I suppose if I’m going to start somewhere, then W. B. Yeats isn’t a bad place to begin gaining an appreciation for poetry. No thanks to whoever my English and French teachers were in high school (there were lots of schools, lots of teachers), poetry seemed like something mostly technical  which required lots of memorizing, both things I’ve never had an interest in, and which left me unwilling to dwell into verse any longer than was strictly necessary. A shame really, though of course it’s never too late to begin again.

Yeats was unknown to me before, other than by name and reputation, until I picked up a couple of great little audiobooks featuring some of his most beloved poems accompanied with biographical comments putting them into context. Hearing poetry read aloud by talented readers is probably one surefire way to gain a new appreciation for it.
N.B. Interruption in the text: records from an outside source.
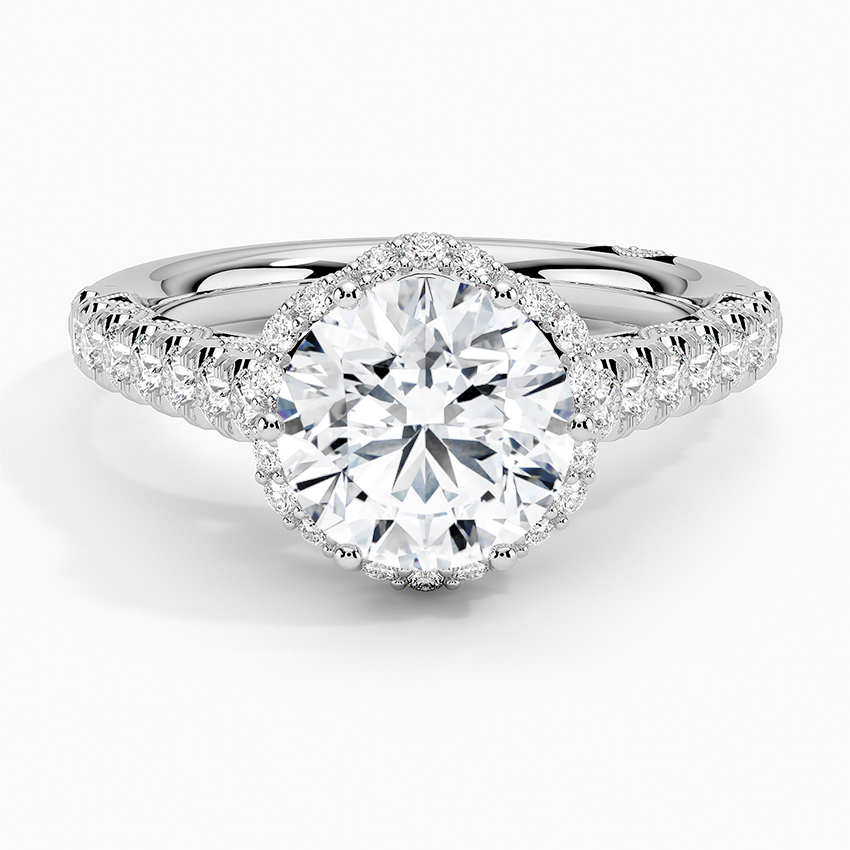 2.50 Hidden Halo Tasarım Tektaş Laboratuvar Pırlanta Yüzük 18K - Gilara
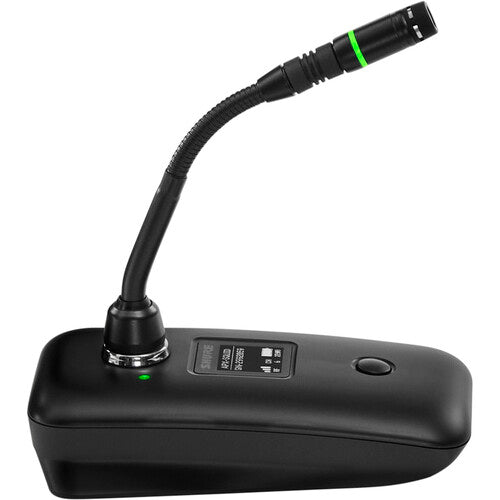 SHURE MXW8X NeXt Base de transmisor inalámbrico,para cuello de ganso, Modo de silencio programable, pantalla LCD, Cifrado seguro AES-25,6 39 horas con batería recargable
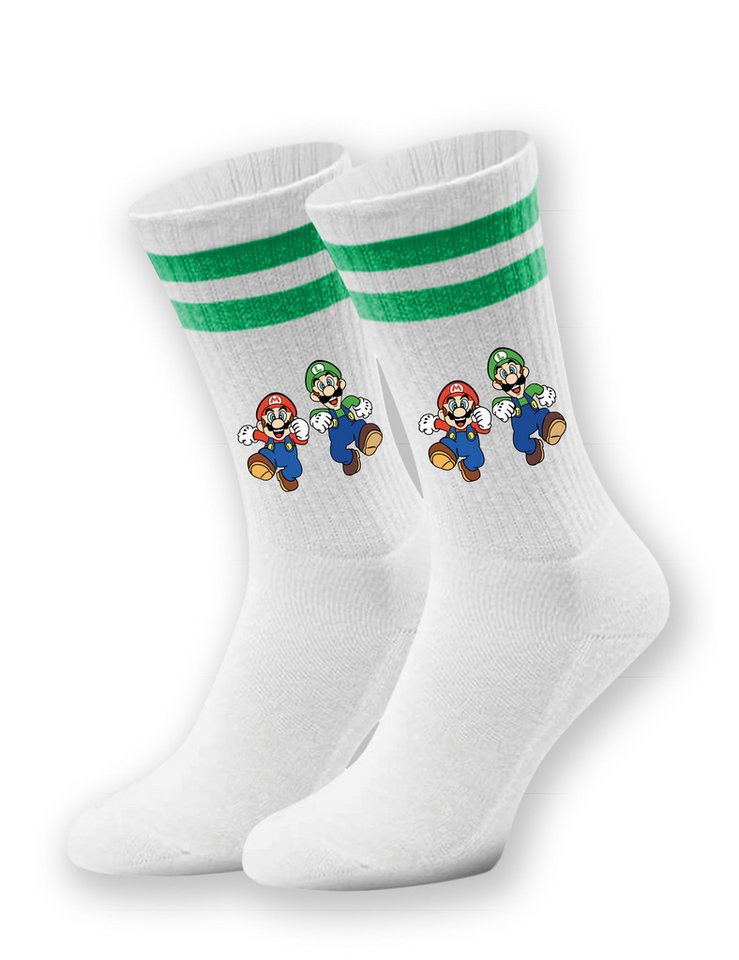 Youth Designz Tennissocken Mario Luigi Unisex Socken Geschenk für Herren Damen mit verstärkter Verse und Zehenbereich von Youth Designz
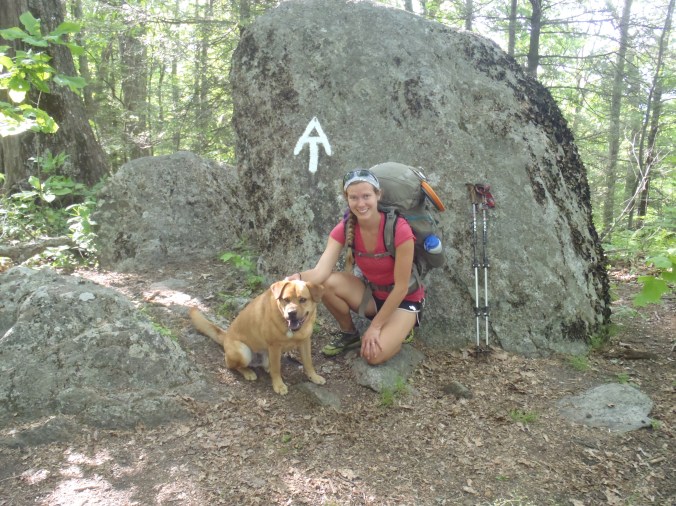 Lindsay and Hunter pose in front of a perfectly placed AT sign somewhere in Virginia.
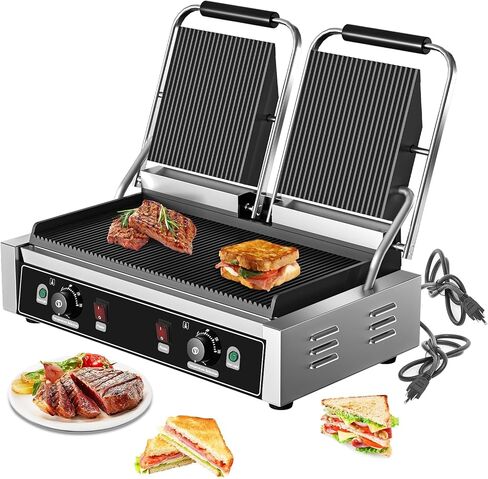 Commercial Dual Head Panini Grill, 3400W Electric Sandwich Panini Maker, 50-300℃(120-570℉), Stainless Steel Sandwich Press Grill, for Catering, Restaurant, Perfect for Iftar, CE Certified in Saudi Arabia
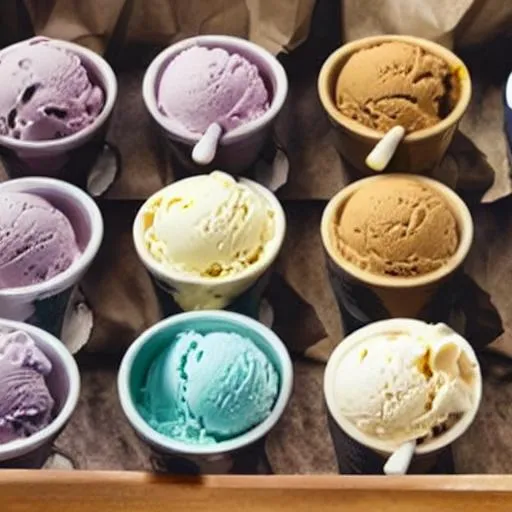 Prompt: Scooping ice cream flavors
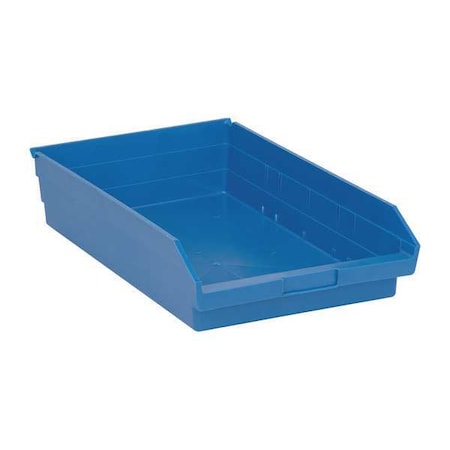 Shelf Storage Bin, Polypropylene, Blue, 4 in H, 11 1/8 in W, 17 7/8 in L MPN:QSB110BL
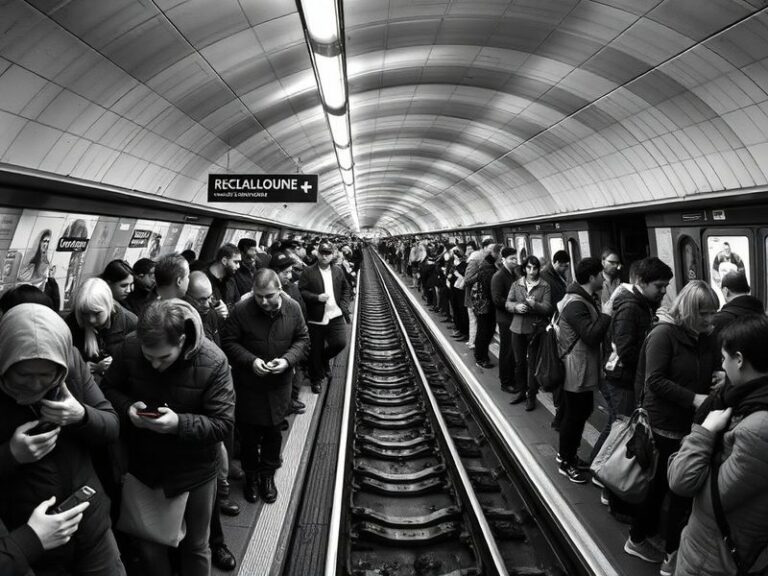 A crowded London Underground platform during a strike, with frustrated commuters waiting for buses and taxis. The scene captu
Then I found a lovely little book, W. B. Yeats: Poems Selected by Seamus Heaney, part of Faber and Faber’s 80th Anniversary Collection published in 2009. The following poem will no doubt end up on my list of all-time favourite poems one day:

The Stolen Child by W. B. Yeats

Where dips the rocky highland
Of Sleuth Wood in the lake
There lies a leafy island
Where flapping herons wake
The drowsy water rats;
There we’ve hid our faery vats,
Full of berries
And of reddest stolen cherries.
And of reddest stolen cherries.
Come away, O human child!
To the waters and the wild
With a faery, hand in hand,
For the world’s more full of weeping than you can understand.

Where the wave of moonlight glosses
The dim grey sands with light,
Far off by furthest Rosses
We foot it all the night,
Weaving olden dances,
Mingling hands and mingling glances
Till the moon has taken flight;
To and fro we leap
And chase the frothy bubbles,
While the world is full of troubles
And is anxious in its sleep.
Come away, O human child!
To the waters and the wild
With a faery, hand in hand,
For the world’s more full of weeping than you can understand.

Where the wandering water gushes
From the hills above Glen-Car,
In pools among the rushes
That scarce could bathe a star,
We seek for slumbering trout
And whispering in their ears
Give them unquiet dreams;
Leaning softly out
From ferns that drop their tears
Over the young streams.
Come away, O human child!
To the waters and the wild
With a faery, hand in hand,
For the world’s more full of weeping than you can understand.

Away with us he’s going,
The solemn-eyed:
He’ll hear no more the lowing
Of the calves on the warm hillside
Or the kettle on the hob
Sing peace into his breast,
Or see the brown mice bob
Round and round the oatmeal chest.
For he comes, the human child,
To the waters and the wild
With a faery, hand in hand,
For the world’s more full of weeping than he can understand.